In the third quarter, real GDP increased 4.9 percent (annualized). Keep in mind that the GDP estimate released is based on source data that are incomplete or subject to further revision by the source. The "second" estimate for the fourth quarter, based on more complete data, will be released on February 28, 2024.

A Technical Perspective


For those new readers to our newsletter technical analysis is an investment strategy /trading discipline that relies on identifying opportunities by analyzing statistical trends gathered from trading activity, such as price movement and volume. While no one can identify the bottom and peak price of a security, technical analysis tries to identify opportunities close to it.


The Technology stocks continue to lead the markets, and as a result, while the market moves higher, the advance decline line has fallen (number of stocks going up versus down).

Weaker Sectors

The weakest sectors so far this year have been Real Estate, Basic Materials, and Utilities.

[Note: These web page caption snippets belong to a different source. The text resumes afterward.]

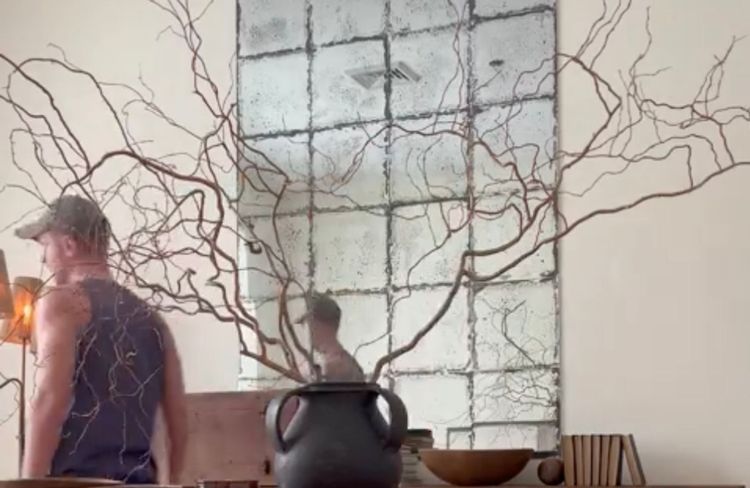 L’astuce du vaporisateur : la technique géniale pour donner un aspect vieilli à un miroir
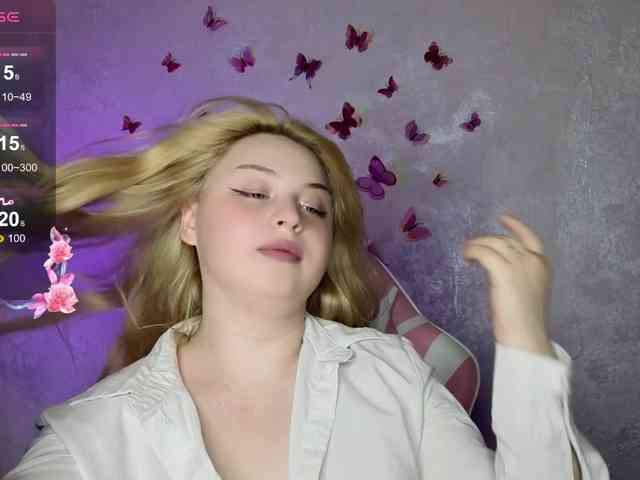 BlondeBond webcam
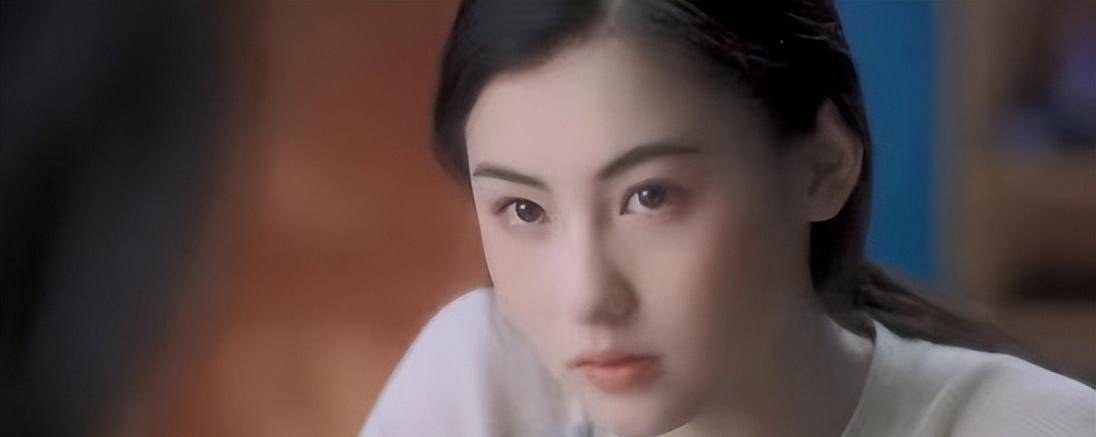 43岁女明星面容老态,被岁月催老容颜的十位女星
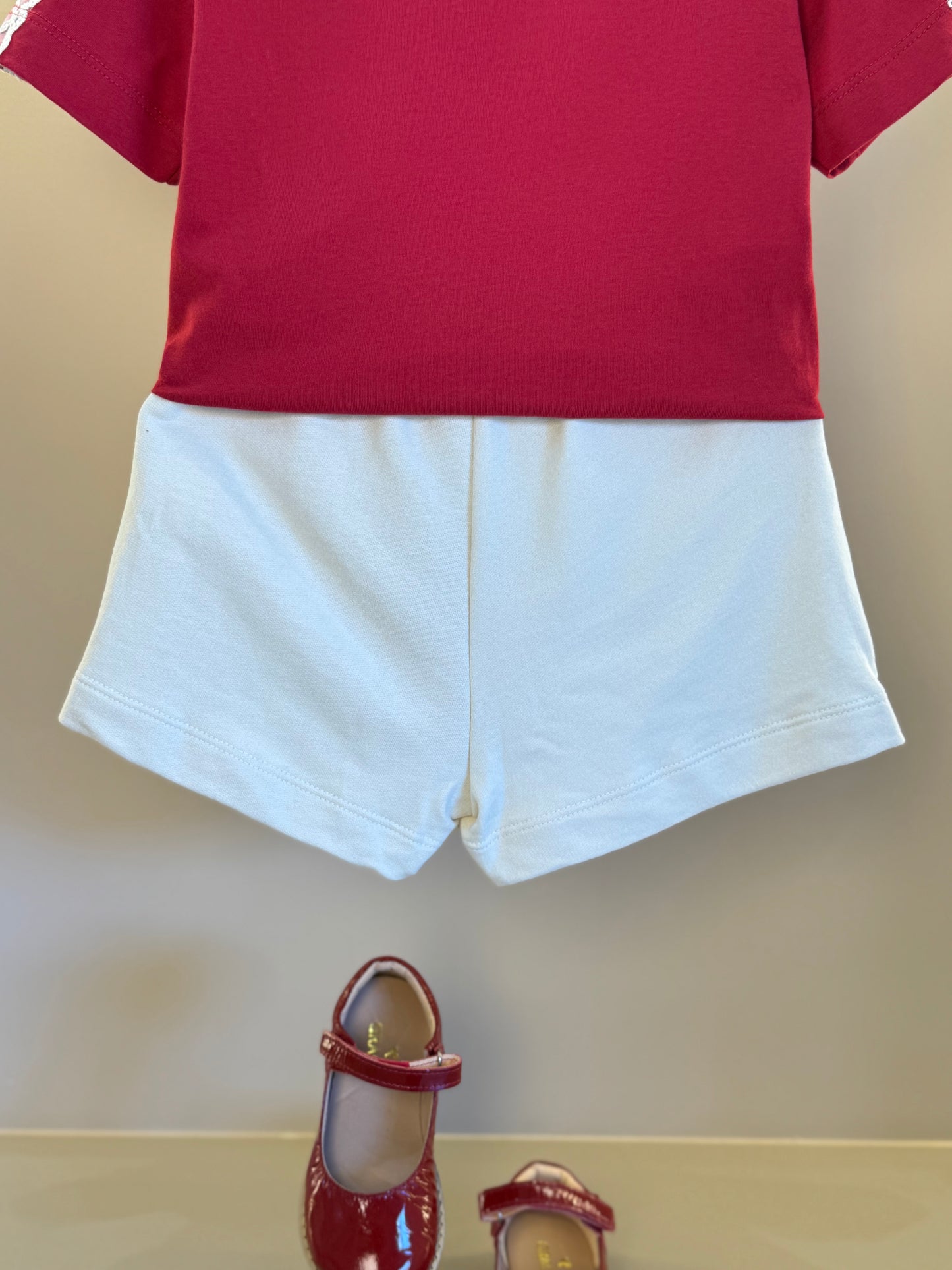 Conjunto Infantil Blusa Berry Patches Minnie e Shorts Bege - Animê Petite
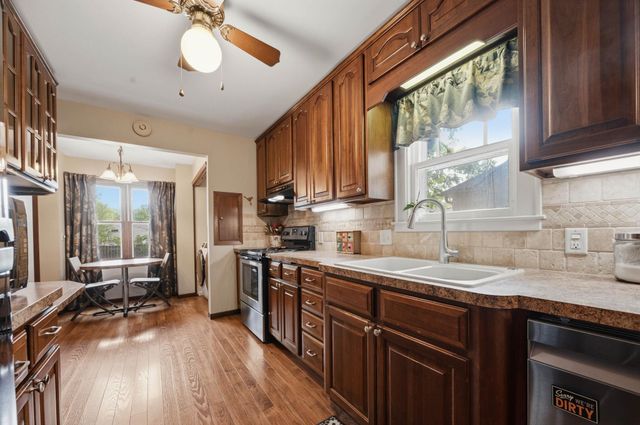 636 N Crestway St, Wichita, KS 67208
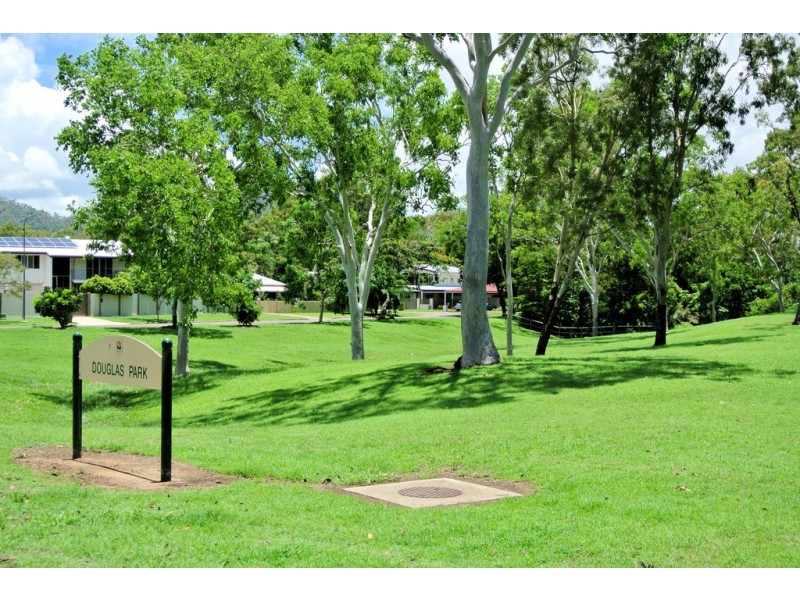 17 Chauncy Crescent, Douglas QLD 4814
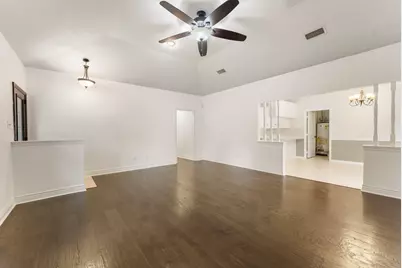 618 W Rollingwood Street, Pinehurst, TX 77362 - Photo 7
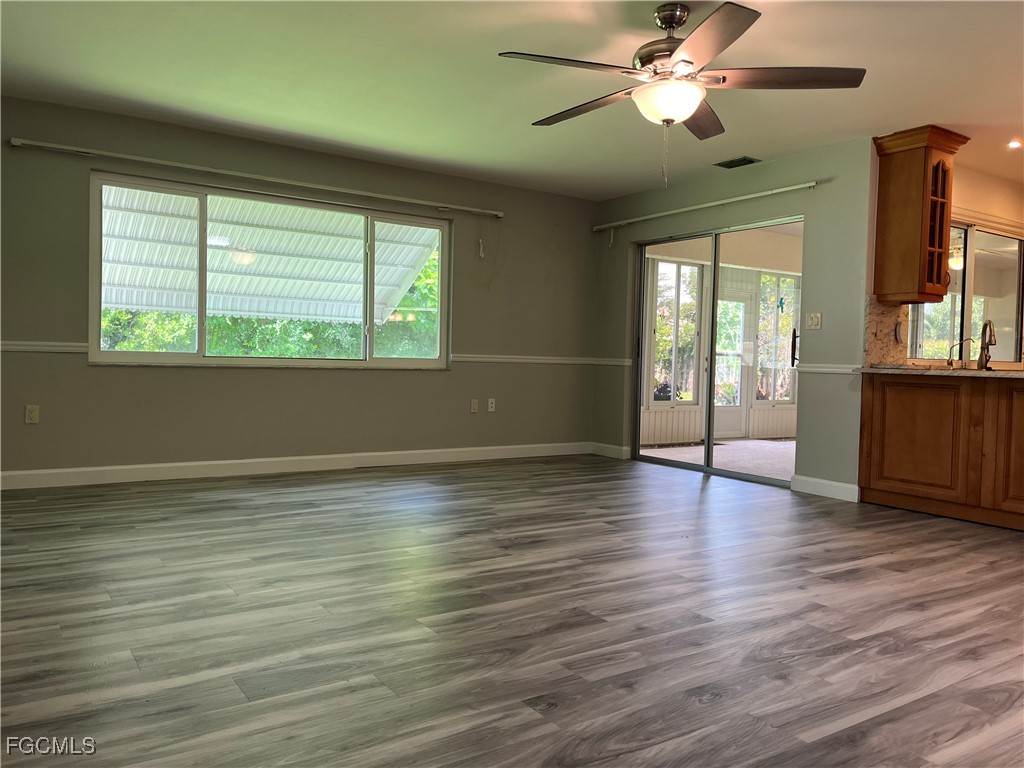 12878 Iona Road Fort Myers, FL 33908 - Photo 9 of 30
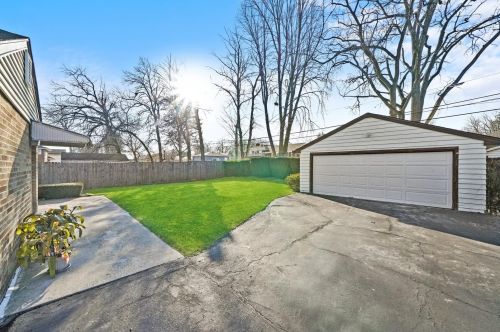 500 Berwick Blvd, Waukegan IL 60085-3410 exterior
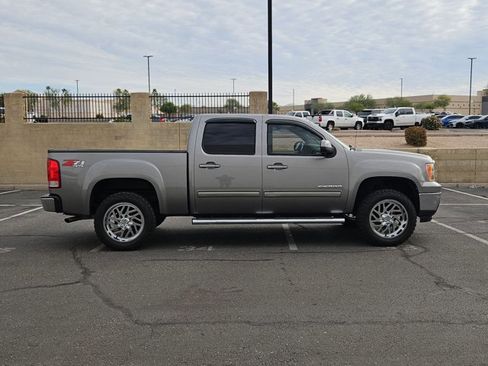Used 2013 GMC Sierra 1500 SLT w/ SLT Convenience Package image 3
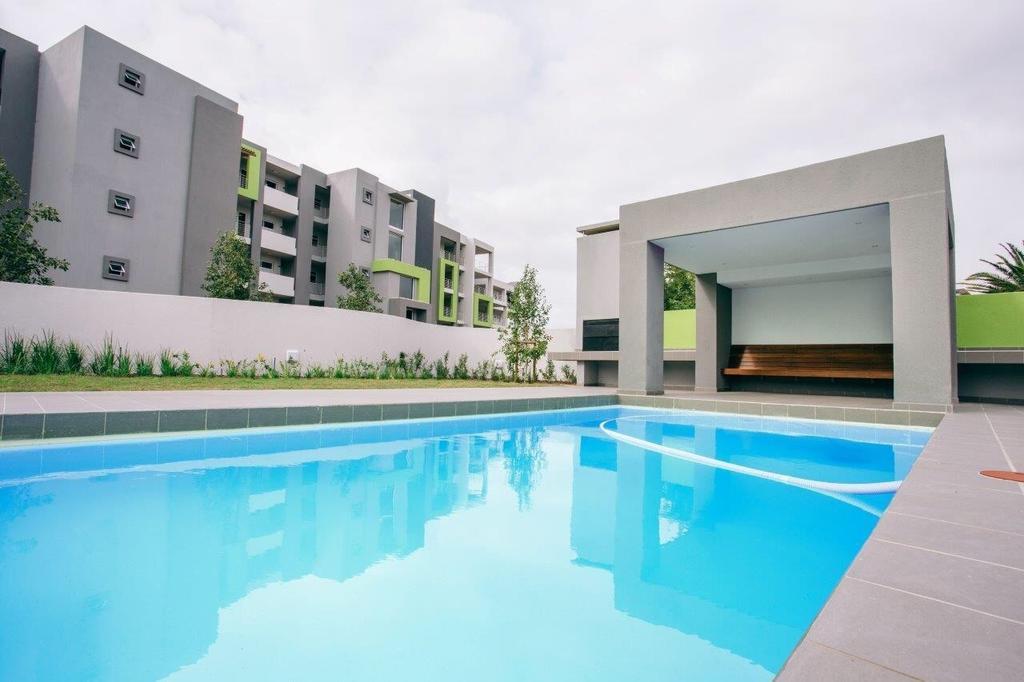 Apartment On Century *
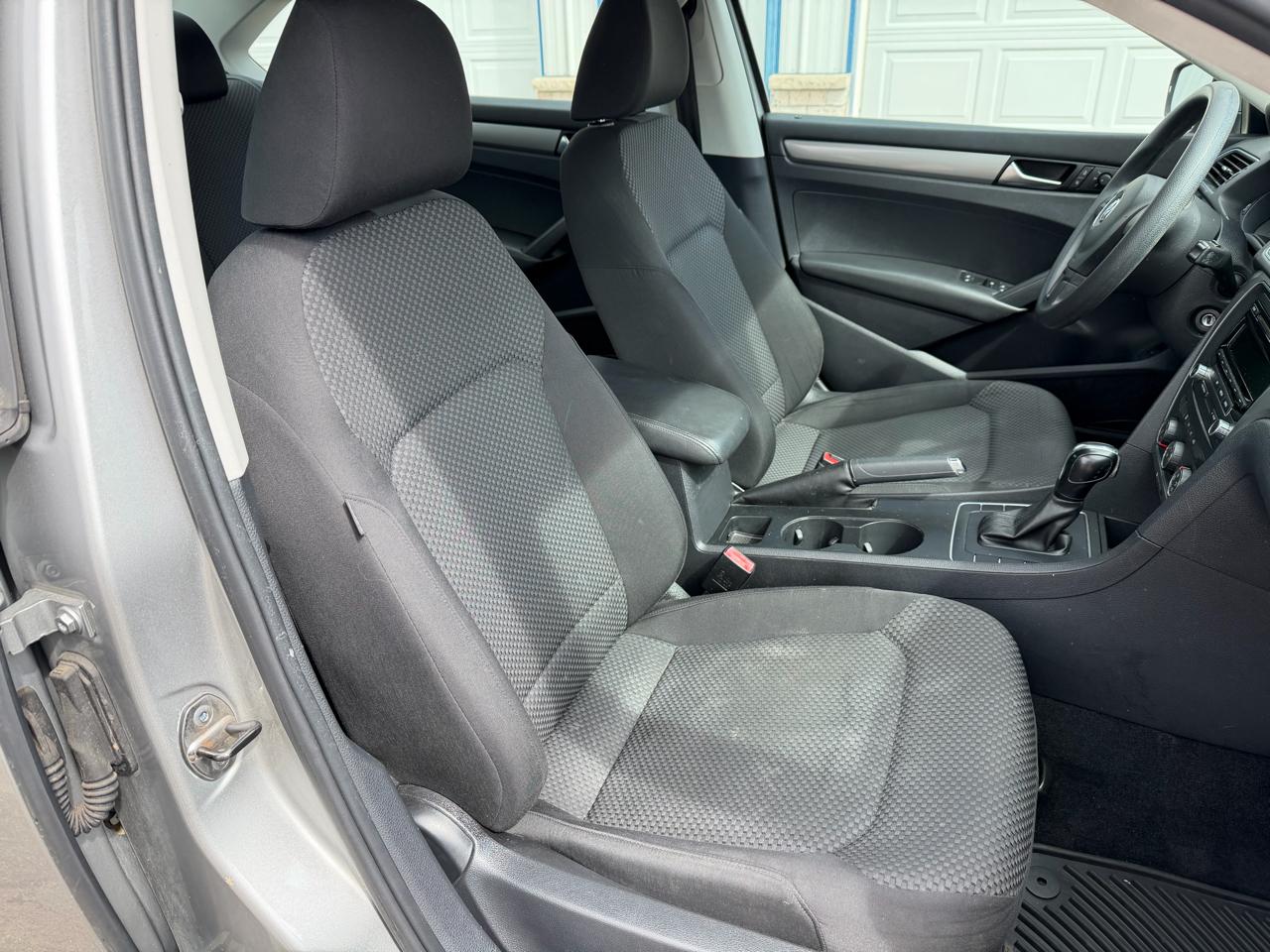 Volkswagen Passat 4dr Sdn 2.5L Auto S 2013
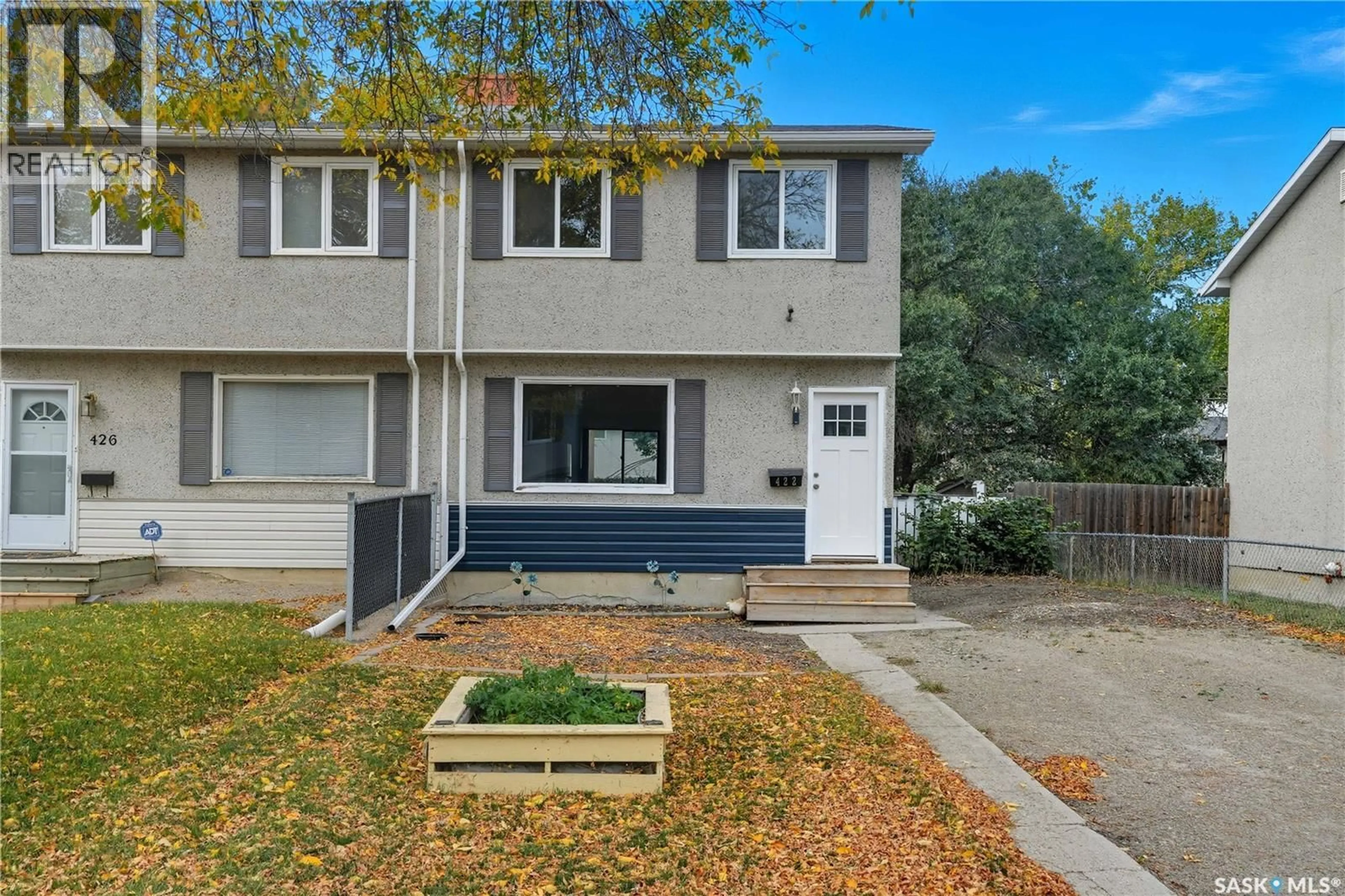Home with vinyl exterior material, street for 422 ROYAL STREET, Regina Saskatchewan S4R4Y6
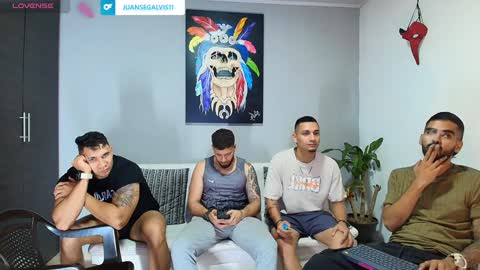 SCOTT  THEO  KAMERON  GENDERSON online show from 12/05/24, 01:03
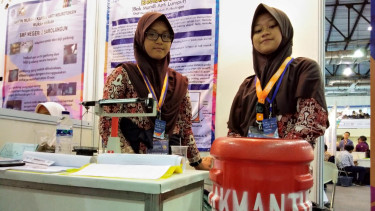 Siswi SMPN 3 Mrebet, Purbalingga, menciptakan bak anti lumpur alias Bakmantur.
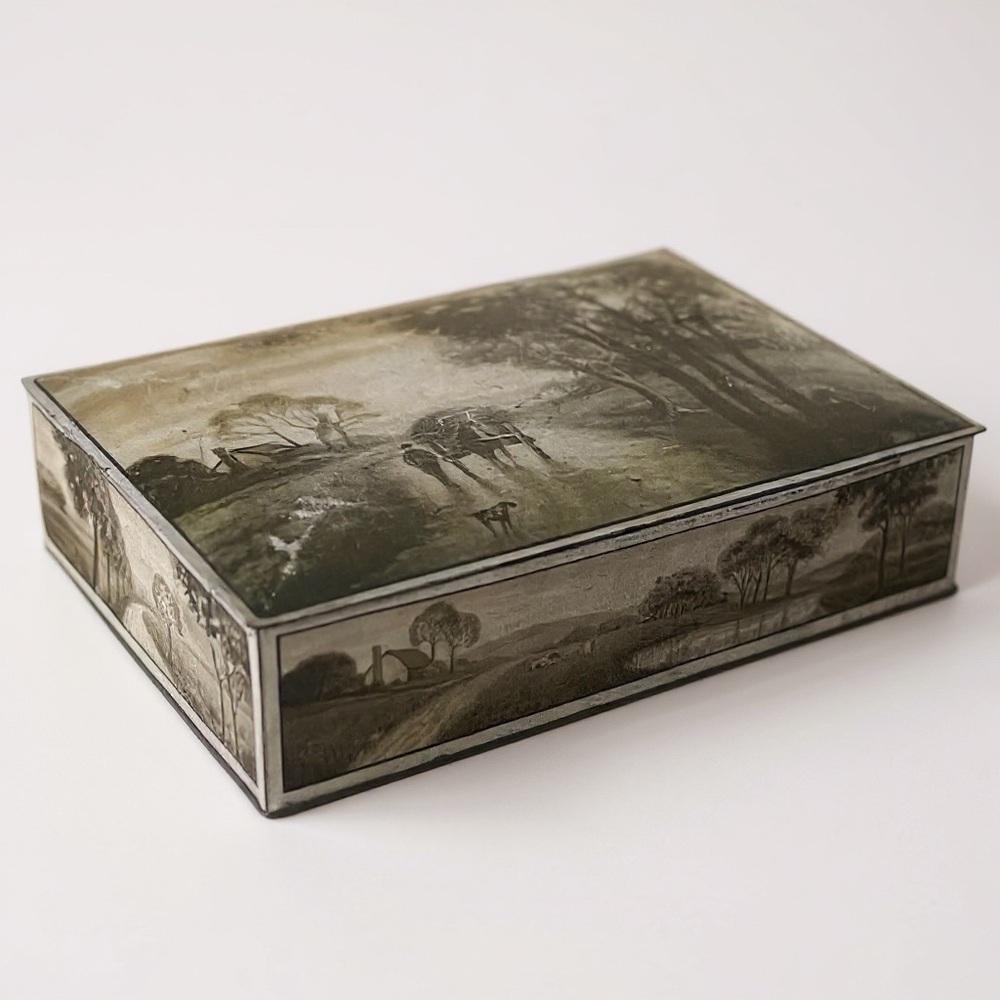 Vintage 1920s Uneeda Biscuit Tin NBC Nabisco Crackers Hinged Large Pastoral Farm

Last week, Utilities wad the only sector to close at new 2024 lows.


Below is a comment form a technician and his opinion on the sector … Utilities are interest rate sensitive and are the best indicator of future moves in the bond market. The complete collapse of the utility sector and the "January Effect" strongly signal that interest rates could be heading higher. With Fed rate cuts on the horizon, it doesn't seem possible. Yet, price is always the final arbiter.


He is right that it doesn’t seem likely that the Fed would raise interest rates considering that there are cuts on the horizon, but it is an interesting observation. Utilities and 20-year treasuries have been almost perfectly correlated for the last year. Both have declined to begin 2024.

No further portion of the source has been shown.